Companies have been reprinting old, rare, and valuable baseball cards for decades. It’s a way for people to have cards of players like Babe Ruth and Ty Cobb who otherwise never could. But that can cause problems too. Here’s how to tell if a baseball card is a reprint.
All of the reprints I had when I was a kid said “reprint” on the back. That’s the way reputable companies handle the problem. These days when Topps reprints a card, frequently they’ll slap a logo on the front that wasn’t on the original. That certainly clears things up.
Unfortunately, some other companies didn’t mark their reprints. So what do you do then?
Reprints always have some subtle differences from the real thing. The picture won’t be as sharp. The picture won’t quite be the right size, so the borders will be too thin or too thick. The card will be too glossy, or not glossy enough. Or the card stock won’t be the right thickness. Maybe the card stock is bleached when the original was unbleached.
When all else fails, you can hold a couple of cards over a strong light and compare how much light gets through.
I’ve said this before, but the only way to get good at identifying reprints is to get familiar with the real thing. Sunday morning radio preachers love to talk about how FBI investigators learn to identify counterfeit money by studying real money, and then they feign shock.

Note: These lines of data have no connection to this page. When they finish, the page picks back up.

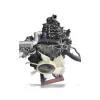 Mitsubishi L200 Euro 7 Komple Çıkma Motor 140.000 KM - 4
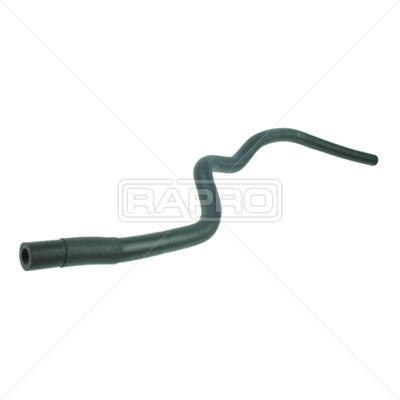 GENLESME SİSESİ HORTUMU CHEVROLET AVEO 1.2 16V 03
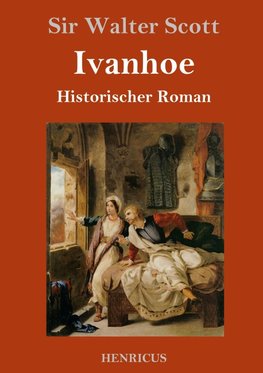 Ivanhoe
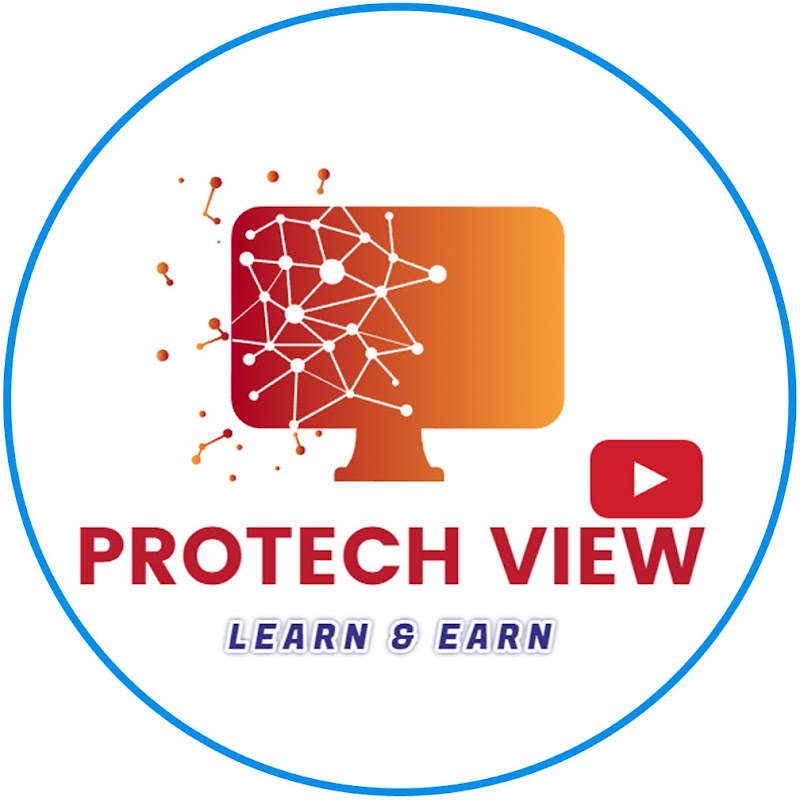 Protech View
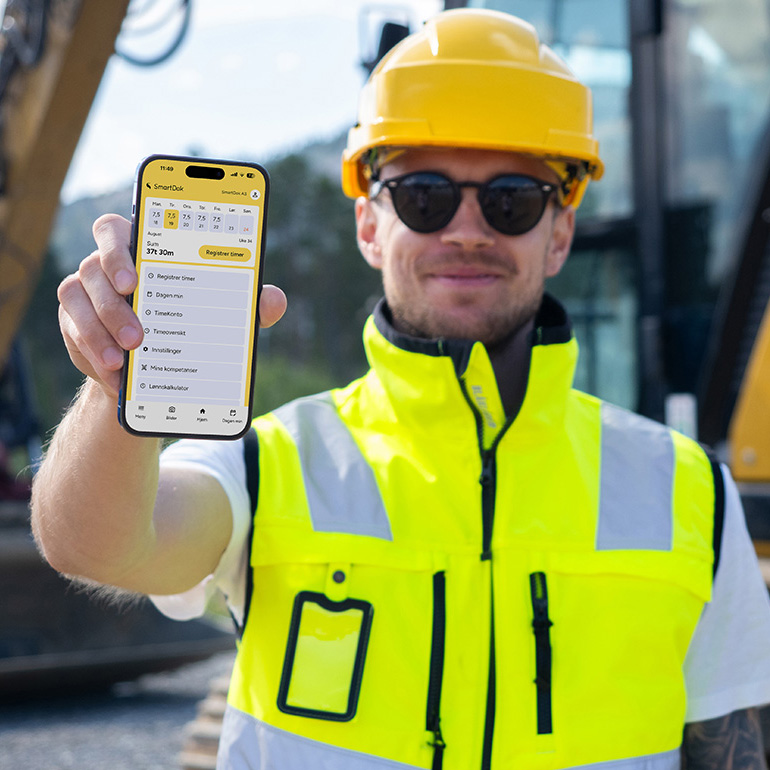 Magnus_anlegg_11_APP_NOR_NY_770px Magnus med den nye SmartDok-appen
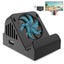 Switch Stand Charging Docking Station Carousel 3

But if you think about it for half a second it makes sense. The real thing is consistent. The imitations will be inconsistent with the real thing and with each other. One guy will get cardboard that’s too thin. Another guy will get cardboard that’s too thick.
That’s why I never buy the superstar cards from a vintage set first. I buy a pile of common cards. Those are the bench players, the cards of guys nobody remembers. I take the cards out of the holders and put them in my own holders. I don’t wear gloves, at least with the commons. The goal is to get a literal feel for what the actual card feels like. Then, when I get a $100 card, I can tell pretty easily if it’s real or a reprint because I have a dozen or two cheap cards from the same set to compare it to.
If you find a stash of old cards, there’s one other telltale sign. The contents of the stash should make sense. If you find a stash of 1983 cards and there’s a 1933 Goudey Nap Lajoie, a T-206 Honus Wagner, and a T-206 Eddie Plank in the mix, the latter three cards are reprints. In 1983, a company reprinted those cards and kids could buy them from school book order forms. That’s where mine came from. If you find a shoebox full of 1960s cards and there are a bunch of utility infielders and relief pitchers in there, there’s a far better chance the star cards in the bunch are real. Those cards have probably been together for decades. I’ve discussed this before as well.
When all else fails, contact a professional. Every major city has at least a couple of card dealers left. Make an appointment with at least two of them, and let them know you’re getting at least a second opinion. If you have something special, most of them will be honest with you about it. They’ll probably enjoy seeing the cards. It’s a lot more interesting than looking at yet another pile of 1980s or 1990s cards.